The OFSE sector now faces several structural issues that must be dealt with:

Fragmentation and low barriers to entry

Changing operator behaviour, a wide availability of capital, and declining technological differentiation has led to a dramatic increase in the number of OFSE companies, which has increased the level of competition. In some markets, services have become commoditised.

Inefficient value-share models between operators and OFSE companies

Industry commercial models, typically time and material contracts, have proven to be inefficient through up- and downcycles. Given the cyclical nature of the industry, new commercial-model envelopes become highly critical.

Slow pace of response

Some subsectors have struggled to respond quickly enough to a more challenging business environment, resulting in significant value erosion. For example, after the 2014 price crash, the offshore-drilling sector took almost a year to begin rationalising its fleet, resulting in a significant burn rate on cold-stacked rigs.
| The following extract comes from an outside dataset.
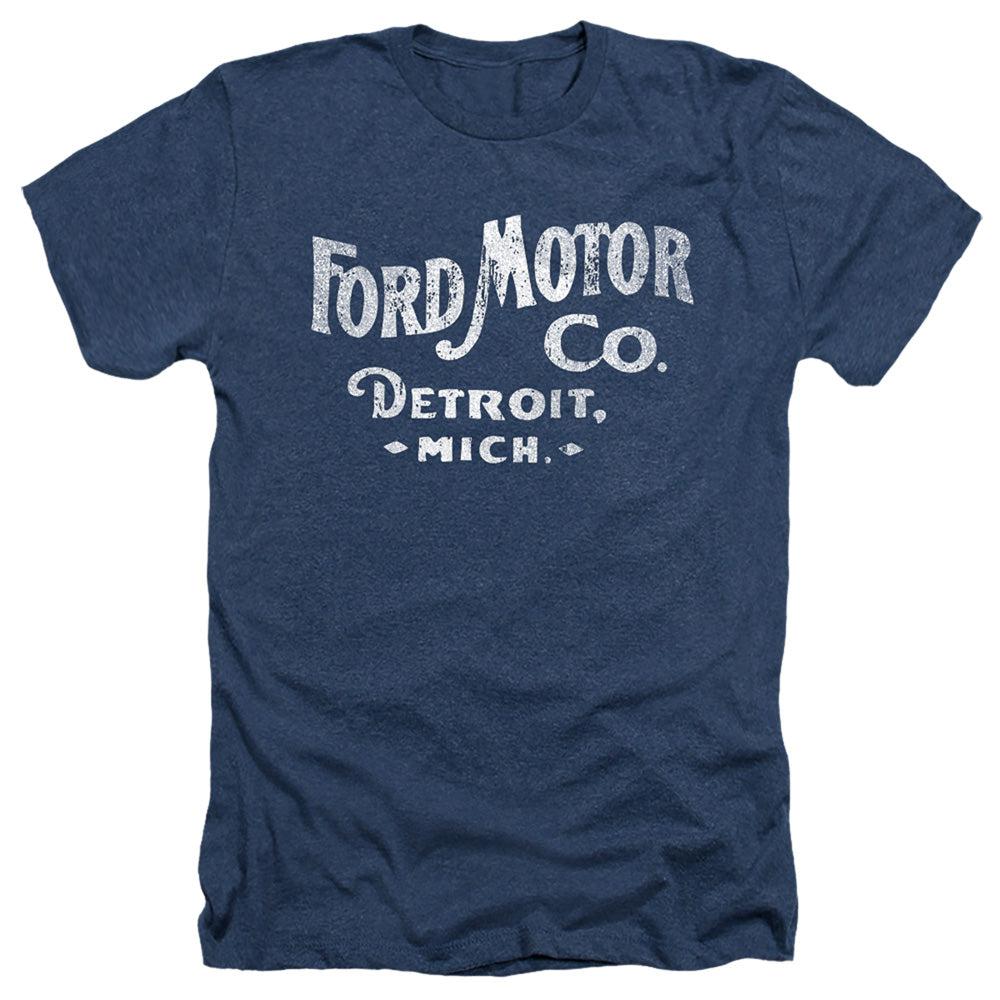 Ford Motor Co Heritage Logo Short-Sleeve T-Shirt-Grease Monkey Garage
Furthermore, the report warns that in the next decade, there are several trends that are likely to impact the OFSE industry negatively, including: Plateauing oil demand by the 2030s; Capital deployment away from the sector; Shrinking customer and asset bases; Extreme margin focus; Shorter decision cycles; Limited price differentiation; Talent refresh; Regionalisation; and Higher OFSE operating costs due to increasingly complex product lines.

Therefore, the companies that can successfully emerge from the current crisis are ones that prepare for and embrace fundamental change, the report says. OFSE companies that hesitate to reinvent themselves will risking being marginalised or targeted for acquisition, it warns.
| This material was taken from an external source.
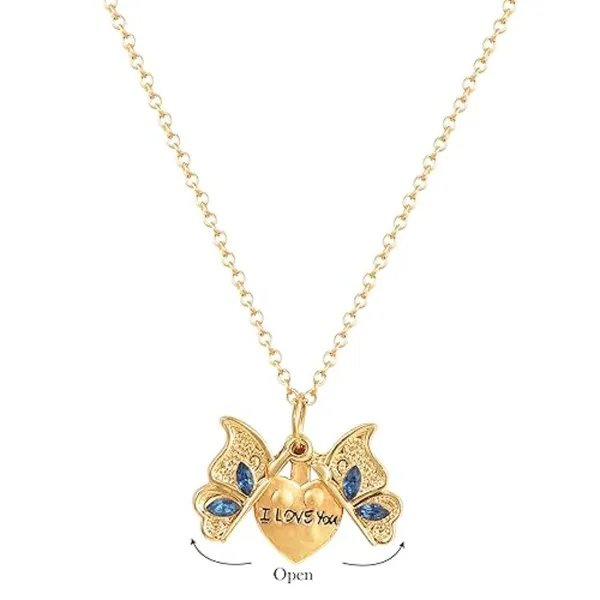 Romantic_Butterfly_Pendant_Heart_Pendant_Gold_Chain_Necklace_Pendant_For_Women_Wedding_Anniversary_Gift_For_Women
Therefore, it suggests OFSE companies focus on five key actions in order to adapt and prepare for the challenges they will be facing in the near future:

  • Identify and focus on competitive advantage
  • Define the long-term portfolio position and make bold moves
  • Align the operating model with goals and become more efficient
  • Change the historical industry dynamic 
  • Target markets associated with the energy transition

The report urges companies to each take a different approach, attuned to their competitive strengths.
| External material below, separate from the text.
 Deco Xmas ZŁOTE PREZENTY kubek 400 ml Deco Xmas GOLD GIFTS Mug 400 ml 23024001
“OFSE companies need to define their sources of competitive advantage and focus on activities that leverage them. To do that effectively, companies should build independent perspectives of their relative strengths through a combination of market-landscape analysis, benchmarking, and interviews with key stakeholders.

“Competitive advantage could come from access to highly skilled labour or proprietary information, alongside manufacturing cost base, market access, and brand image. Lessons can be learned from the steel industry, which has already passed through the phase.

“For example, ArcelorMittal focused on its key advantage of operational excellence by first acquiring assets with structural advantage (such as those in insulated markets, allowing backward integration into advantaged raw-material supply) and then cutting costs and improving operations,” the report concludes.